Elasticsearch Indexing Rate

I am trying to do some performance tuning on my environment.
Some initial details:

  • 5 Node cluster - VMs
  • Each VM has 8 cores
  • Each VM has 16GB of RAM
  • One Elasticsearch node per VM. Each ES node has 8GB of RAM allocated and writes to a 'local' disk (as local as I can get from the internal cloud team where I work)

I am collecting from between 50 and 60 servers with Logstash instances shipping to one of 3 Redis instances via a VIP. I get fairly even distribution of data. The Redis instances are not clustered.

From each Redis I have 1 logstash agent that pulls off of that one Redis, does filtering logic on the records, and inserts into Elasticsearch. The output Elasticsearch plugin is configured with all 5 hosts in the 'hosts' parameter.

The 3 redis instances are on different servers, BUT, are co-located on the Elasticsearch nodes.
Same with the Logstash indexers.

------------*    ------------*    ------------*     ------------*     ------------*
|          |*    |          |*    |          |*     |          |*     |          |*
|   ____   |*    |   ____   |*    |   ____   |*     |          |*     |          |*
|  | Rd |  |*    |  | Rd |  |*    |  | Rd |  |*     |          |*     |          |*
|  |____|  |*    |  |____|  |*    |  |____|  |*     |          |*     |          |*
|   ____   |*    |   ____   |*    |   ____   |*     |          |*     |          |*
|  | LS |  |*    |  | LS |  |*    |  | LS |  |*     |          |*     |          |*
|  |____|  |*    |  |____|  |*    |  |____|  |*     |          |*     |          |*
|   ____   |*    |   ____   |*    |   ____   |*     |   ____   |*     |   ____   |*
|  | ES |  |*    |  | ES |  |*    |  | ES |  |*     |  | ES |  |*     |  | ES |  |*
|  |____|  |*    |  |____|  |*    |  |____|  |*     |  |____|  |*     |  |____|  |*
|          |*    |          |*    |          |*     |          |*     |          |*
------------*    ------------*    ------------*     ------------*     ------------*

As you can see from the diagram, I have 3 servers where processes are co-located.
This will be something that changes soon

The problem I've been having is I can't seem to break past an average of about 1200-1500 messages per second on my Indexing Rate.

I had a large amount of volume come in a few days ago as part of some testing, and I ended up with about 5-6million log messages sitting across my 3 Redis instances waiting to be indexed.

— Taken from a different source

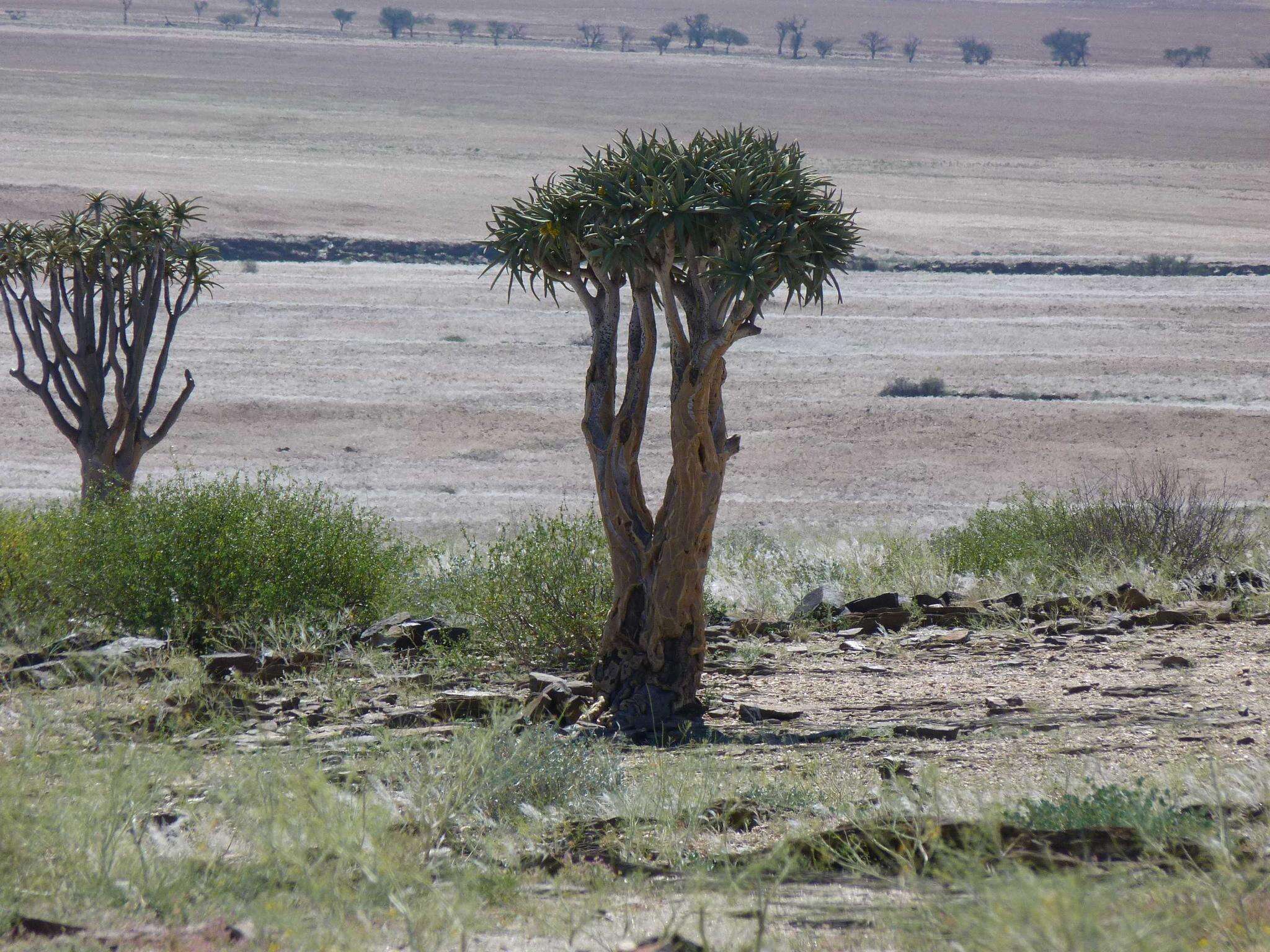 Image of Quiver tree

At the time, I only had 4 cores on each machine. Since then I have grown the cores from 4 to 8 per machine and have setup much better monitoring on my server stats to try to find any bottlenecks

I tried many different things, but no matter what, it didn't seem to affect the ingestion rate.
I added a Threads option to the redis input block.
I took another server (not in the diagram above) and stood up more logstash indexers to pull from the different redis instances.
I read through the Elastic guide for tuning ES here:

Made sure I had no Swapping. increased the index thread pool.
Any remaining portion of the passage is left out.